── DATA TO EXAMINE ──
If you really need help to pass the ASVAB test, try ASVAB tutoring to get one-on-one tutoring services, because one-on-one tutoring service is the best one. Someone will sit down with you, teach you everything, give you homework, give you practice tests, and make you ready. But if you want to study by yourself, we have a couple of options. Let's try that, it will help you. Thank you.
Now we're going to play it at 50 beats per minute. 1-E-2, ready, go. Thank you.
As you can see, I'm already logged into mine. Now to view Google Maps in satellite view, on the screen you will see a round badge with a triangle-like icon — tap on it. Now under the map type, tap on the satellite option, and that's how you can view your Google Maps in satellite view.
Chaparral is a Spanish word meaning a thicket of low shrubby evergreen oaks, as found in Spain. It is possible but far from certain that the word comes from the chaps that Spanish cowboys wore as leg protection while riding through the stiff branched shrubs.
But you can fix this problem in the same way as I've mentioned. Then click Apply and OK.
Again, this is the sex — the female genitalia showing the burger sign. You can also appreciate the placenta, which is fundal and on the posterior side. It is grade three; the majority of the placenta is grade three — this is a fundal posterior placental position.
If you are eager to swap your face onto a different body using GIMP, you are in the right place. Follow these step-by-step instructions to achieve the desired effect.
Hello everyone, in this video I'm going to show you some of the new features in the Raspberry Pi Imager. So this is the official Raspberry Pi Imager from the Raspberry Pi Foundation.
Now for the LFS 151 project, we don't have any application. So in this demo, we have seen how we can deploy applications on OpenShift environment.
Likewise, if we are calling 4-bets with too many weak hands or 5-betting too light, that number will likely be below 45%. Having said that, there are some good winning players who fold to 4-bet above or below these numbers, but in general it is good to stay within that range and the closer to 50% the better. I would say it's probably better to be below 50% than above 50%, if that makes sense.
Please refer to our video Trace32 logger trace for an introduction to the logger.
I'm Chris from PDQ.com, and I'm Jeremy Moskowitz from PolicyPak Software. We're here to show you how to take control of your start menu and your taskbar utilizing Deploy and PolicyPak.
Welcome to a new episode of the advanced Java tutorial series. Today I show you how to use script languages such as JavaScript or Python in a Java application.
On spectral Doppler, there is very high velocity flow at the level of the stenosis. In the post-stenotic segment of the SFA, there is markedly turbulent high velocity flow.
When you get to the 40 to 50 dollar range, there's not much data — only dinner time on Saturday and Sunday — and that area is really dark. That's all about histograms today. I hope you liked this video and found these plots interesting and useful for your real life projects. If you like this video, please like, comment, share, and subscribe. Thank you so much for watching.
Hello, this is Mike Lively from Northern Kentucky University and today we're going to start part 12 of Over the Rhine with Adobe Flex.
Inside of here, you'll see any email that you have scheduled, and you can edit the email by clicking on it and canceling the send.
───
The reply should hold only the lines from the first line of the listing above through the line with "But you can", each copied exactly.

If you really need help to pass the ASVAB test, try ASVAB tutoring to get one-on-one tutoring services, because one-on-one tutoring service is the best one. Someone will sit down with you, teach you everything, give you homework, give you practice tests, and make you ready. But if you want to study by yourself, we have a couple of options. Let's try that, it will help you. Thank you.
Now we're going to play it at 50 beats per minute. 1-E-2, ready, go. Thank you.
As you can see, I'm already logged into mine. Now to view Google Maps in satellite view, on the screen you will see a round badge with a triangle-like icon — tap on it. Now under the map type, tap on the satellite option, and that's how you can view your Google Maps in satellite view.
Chaparral is a Spanish word meaning a thicket of low shrubby evergreen oaks, as found in Spain. It is possible but far from certain that the word comes from the chaps that Spanish cowboys wore as leg protection while riding through the stiff branched shrubs.
But you can fix this problem in the same way as I've mentioned. Then click Apply and OK.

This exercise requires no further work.